Le lecteur va progressivement se familiariser avec ces situations complexes et aboutir avec l’auteur à cette nouvelle notion qu’est l’ "islamisme d’atmosphère", qui constate la difficulté pour l’Occident, ennemi commun à l’un et l’autre camp, de comprendre et encore plus de combattre une propagande massive et constante, sur les réseaux sociaux, dans les médias de masse ou des actes symboliques, comme la réislamisation de Sainte Sophie. Le but est de rassembler les musulmans en déclenchant de façon ponctuelle des attentats conduits par des individus isolés décidant de passer à l’acte. Entretenir la peur fait partie de la méthode, même si elle est moins spectaculaire. Pour une opinion occidentale attachée à la vie humaine, la suppression de quelques individus, ou même d’un seul, déclenche presque la même émotion qu’un massacre de groupes.

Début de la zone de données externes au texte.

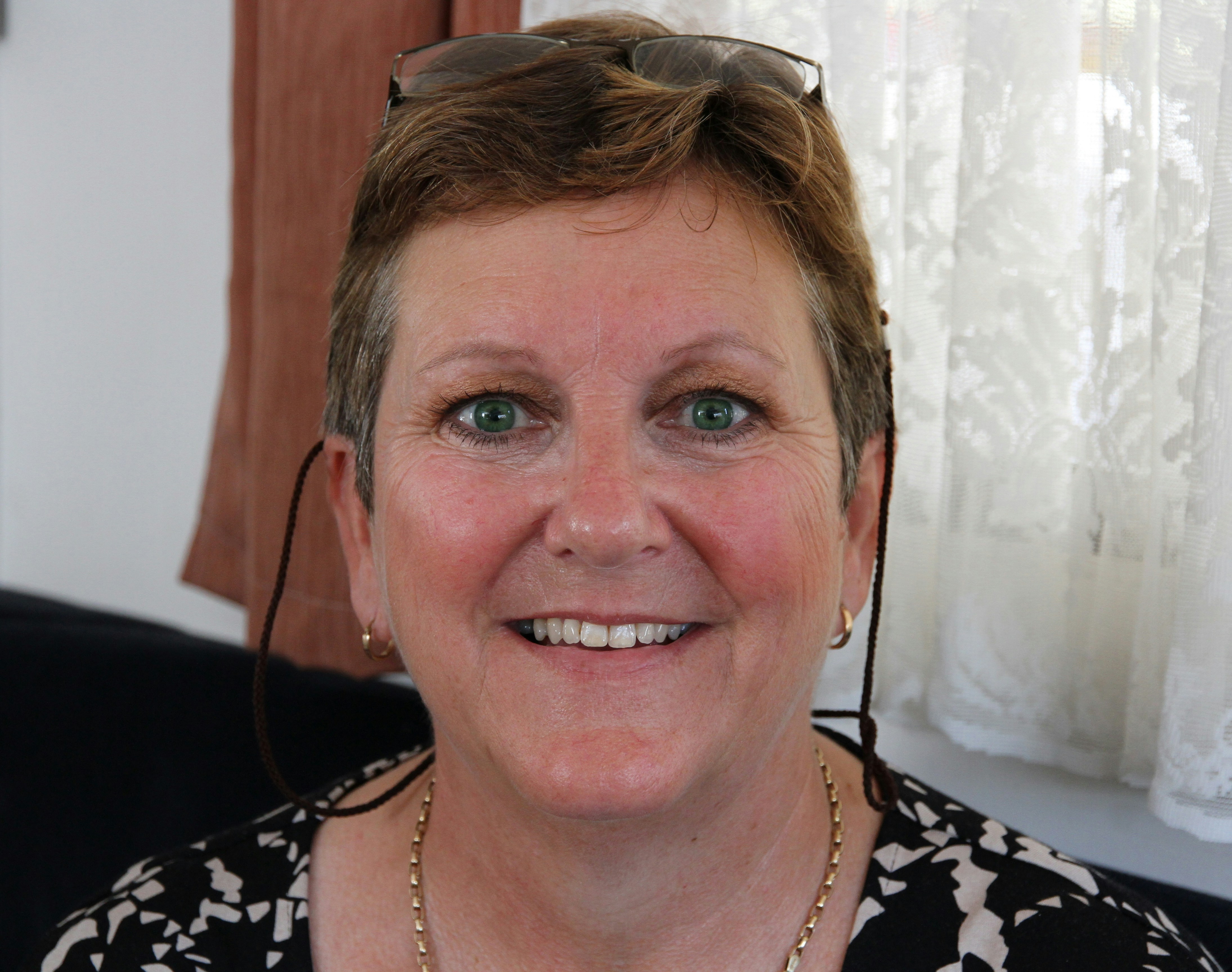 A middle-aged woman smiling warmly in a cozy, well-ventilated living room.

La France est particulièrement visée, notamment à cause de la laïcité, notion incompréhensible pour la plupart des musulmans, qui attribuent à l’islam un rôle civilisationnel, bien au-delà de la religion. Pourtant nos « élites » n’ont rien fait pour lui fournir les armes idéologiques permettant de comprendre et donc d’agir efficacement contre ce « french bashing » permanent. L’indigence des études islamiques, voire le mépris des arabisants, ne lui permettent pas de s’exprimer en arabe, l’inculture de la haute administration est totale. Le terme « islamiste », par exemple, par lequel nous désignons l’islam politique et les Frères musulmans, n’a pas d’équivalent en arabe, et celui de séparatisme ne peut se traduire que par des approximations souvent confuses. Résultat, le séparatisme islamiste dont a parlé Macron dans son discours des Mureaux a été perçu comme une attaque contre les musulmans dans leur ensemble.
Pourtant le problème est bien l’islamisme. Et c’est là que doit porter le combat, sans se laisser distraire, comme la presse le fait souvent, par des problèmes annexes comme le burkini ou les "mamans" voilées lors des sorties scolaires. Mais il faut dans ce combat éviter les provocations inutiles. Si Charlie Hebdo doit être soutenu au nom de la liberté d’expression on est en droit de se demander si la republication de desseins obscènes et dégradants était bien nécessaire. Pour un athée comme Gilles Kepel, la réponse est non. Pour moi aussi.
L’histoire n’est pas finie et ce livre a sa place dans votre bibliothèque.